The European history of the folding fan goes on and on… We should take into account some of the details of its construction that make manufacturing fans so tricky: the ribs that form the base upon which the fan leaf is mounted, the slips or reinforced stretch of the ribs, the end section (or arrow), the gorge (section between the head and leaf), the rivet (pin) with its pivot, the head, supportive collar and loop. When ribs are nailed at the base and ribbon detailing is added the fan is called a brisé fan. Each element of the fan is made using rare and delicate materials requiring specific trades such as leather gilders, glove makers,  perfumed fan leaf pleaters, fine woodworkers and sometimes even goldsmiths, to name but a few.

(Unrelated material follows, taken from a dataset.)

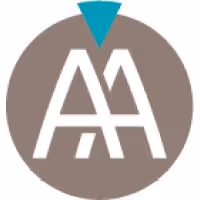 AGN Avocats Montpellier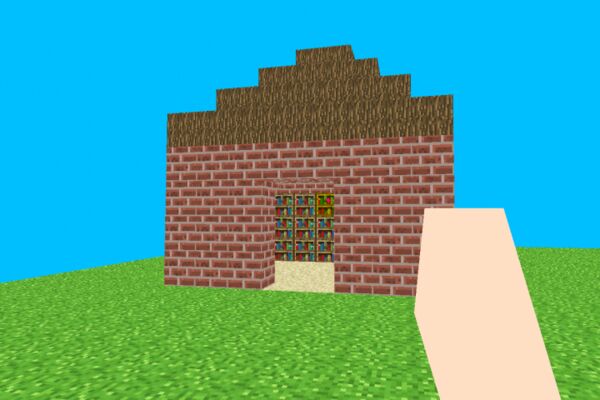 img4584711.png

In the XVIIth century there were lawsuits filed between these trades. It got so bad that Colbert, a minister in Louis XIVs government set up the Guild of Master Fan Makers to control fan making and craftsmanship in 1678 which turned into the Corporation of French Fan makers. These details give an idea of the level of sophistication fans had reached despite their ancient and natural origins.

Fashions fan their own successes: the fan has paid its way in all cultures and across all social divides. However it responds to such an essential gesture, and has courted the interest of craftsmen around the world to such splendid heights, that its existence defies the whims of fashion.